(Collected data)
<<<<

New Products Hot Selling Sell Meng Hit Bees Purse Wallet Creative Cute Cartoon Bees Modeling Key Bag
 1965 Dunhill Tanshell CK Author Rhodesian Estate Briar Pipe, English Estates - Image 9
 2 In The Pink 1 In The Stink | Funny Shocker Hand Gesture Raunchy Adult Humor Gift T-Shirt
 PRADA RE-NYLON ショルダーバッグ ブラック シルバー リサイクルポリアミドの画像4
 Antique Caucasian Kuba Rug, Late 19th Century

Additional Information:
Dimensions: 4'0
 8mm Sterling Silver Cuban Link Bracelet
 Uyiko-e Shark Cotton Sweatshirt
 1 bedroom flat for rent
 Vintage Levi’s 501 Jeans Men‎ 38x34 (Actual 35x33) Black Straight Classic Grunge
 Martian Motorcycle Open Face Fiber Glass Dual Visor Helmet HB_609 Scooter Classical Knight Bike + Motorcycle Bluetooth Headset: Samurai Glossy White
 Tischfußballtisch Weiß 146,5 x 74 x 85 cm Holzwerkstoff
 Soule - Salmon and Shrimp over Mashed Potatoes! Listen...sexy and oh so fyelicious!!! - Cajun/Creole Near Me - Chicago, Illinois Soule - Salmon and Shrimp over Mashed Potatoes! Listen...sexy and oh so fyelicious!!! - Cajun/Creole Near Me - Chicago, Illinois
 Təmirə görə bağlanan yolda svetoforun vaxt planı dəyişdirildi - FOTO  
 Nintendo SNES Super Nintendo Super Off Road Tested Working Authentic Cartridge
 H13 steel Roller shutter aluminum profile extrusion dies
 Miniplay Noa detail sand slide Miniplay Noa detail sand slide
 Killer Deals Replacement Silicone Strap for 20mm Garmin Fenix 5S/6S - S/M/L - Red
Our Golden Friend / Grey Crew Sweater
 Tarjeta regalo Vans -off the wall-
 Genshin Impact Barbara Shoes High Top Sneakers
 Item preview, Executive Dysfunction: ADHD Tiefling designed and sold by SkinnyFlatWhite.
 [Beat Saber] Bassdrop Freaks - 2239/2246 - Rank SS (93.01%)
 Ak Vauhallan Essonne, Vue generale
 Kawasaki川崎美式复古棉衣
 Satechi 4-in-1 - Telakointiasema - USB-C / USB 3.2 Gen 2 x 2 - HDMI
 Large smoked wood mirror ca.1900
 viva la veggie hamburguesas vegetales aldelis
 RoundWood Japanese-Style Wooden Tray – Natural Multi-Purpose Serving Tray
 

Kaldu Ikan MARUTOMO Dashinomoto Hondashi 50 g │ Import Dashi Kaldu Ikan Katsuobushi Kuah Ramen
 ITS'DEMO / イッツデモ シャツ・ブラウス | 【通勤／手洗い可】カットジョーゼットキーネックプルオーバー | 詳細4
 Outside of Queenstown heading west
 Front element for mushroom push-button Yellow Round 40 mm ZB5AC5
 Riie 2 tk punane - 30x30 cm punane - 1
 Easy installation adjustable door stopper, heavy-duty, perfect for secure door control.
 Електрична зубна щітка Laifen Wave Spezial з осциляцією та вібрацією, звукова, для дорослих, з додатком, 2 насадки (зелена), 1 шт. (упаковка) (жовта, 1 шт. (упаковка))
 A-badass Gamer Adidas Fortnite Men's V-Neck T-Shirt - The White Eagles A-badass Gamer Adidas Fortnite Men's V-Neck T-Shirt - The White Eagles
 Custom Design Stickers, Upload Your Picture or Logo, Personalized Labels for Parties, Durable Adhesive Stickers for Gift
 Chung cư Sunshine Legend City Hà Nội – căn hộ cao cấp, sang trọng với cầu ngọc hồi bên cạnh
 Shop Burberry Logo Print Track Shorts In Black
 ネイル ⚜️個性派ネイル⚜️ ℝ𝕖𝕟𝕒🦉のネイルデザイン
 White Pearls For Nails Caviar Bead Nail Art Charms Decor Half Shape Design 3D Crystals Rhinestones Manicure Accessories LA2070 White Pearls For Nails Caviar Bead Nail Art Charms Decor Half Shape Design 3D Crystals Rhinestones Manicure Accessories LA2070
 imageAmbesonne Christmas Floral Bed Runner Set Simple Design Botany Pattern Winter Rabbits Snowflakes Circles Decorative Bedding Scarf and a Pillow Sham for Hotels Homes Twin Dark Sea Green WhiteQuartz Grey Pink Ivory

>>>>

### Work to be completed
Give only the lines from the one holding "Killer Deals Replacement" through the one holding "Accessories LA2070 White", each restated exactly as it appears above.

### Solution for this task
 Killer Deals Replacement Silicone Strap for 20mm Garmin Fenix 5S/6S - S/M/L - Red
Our Golden Friend / Grey Crew Sweater
 Tarjeta regalo Vans -off the wall-
 Genshin Impact Barbara Shoes High Top Sneakers
 Item preview, Executive Dysfunction: ADHD Tiefling designed and sold by SkinnyFlatWhite.
 [Beat Saber] Bassdrop Freaks - 2239/2246 - Rank SS (93.01%)
 Ak Vauhallan Essonne, Vue generale
 Kawasaki川崎美式复古棉衣
 Satechi 4-in-1 - Telakointiasema - USB-C / USB 3.2 Gen 2 x 2 - HDMI
 Large smoked wood mirror ca.1900
 viva la veggie hamburguesas vegetales aldelis
 RoundWood Japanese-Style Wooden Tray – Natural Multi-Purpose Serving Tray
 

Kaldu Ikan MARUTOMO Dashinomoto Hondashi 50 g │ Import Dashi Kaldu Ikan Katsuobushi Kuah Ramen
 ITS'DEMO / イッツデモ シャツ・ブラウス | 【通勤／手洗い可】カットジョーゼットキーネックプルオーバー | 詳細4
 Outside of Queenstown heading west
 Front element for mushroom push-button Yellow Round 40 mm ZB5AC5
 Riie 2 tk punane - 30x30 cm punane - 1
 Easy installation adjustable door stopper, heavy-duty, perfect for secure door control.
 Електрична зубна щітка Laifen Wave Spezial з осциляцією та вібрацією, звукова, для дорослих, з додатком, 2 насадки (зелена), 1 шт. (упаковка) (жовта, 1 шт. (упаковка))
 A-badass Gamer Adidas Fortnite Men's V-Neck T-Shirt - The White Eagles A-badass Gamer Adidas Fortnite Men's V-Neck T-Shirt - The White Eagles
 Custom Design Stickers, Upload Your Picture or Logo, Personalized Labels for Parties, Durable Adhesive Stickers for Gift
 Chung cư Sunshine Legend City Hà Nội – căn hộ cao cấp, sang trọng với cầu ngọc hồi bên cạnh
 Shop Burberry Logo Print Track Shorts In Black
 ネイル ⚜️個性派ネイル⚜️ ℝ𝕖𝕟𝕒🦉のネイルデザイン
 White Pearls For Nails Caviar Bead Nail Art Charms Decor Half Shape Design 3D Crystals Rhinestones Manicure Accessories LA2070 White Pearls For Nails Caviar Bead Nail Art Charms Decor Half Shape Design 3D Crystals Rhinestones Manicure Accessories LA2070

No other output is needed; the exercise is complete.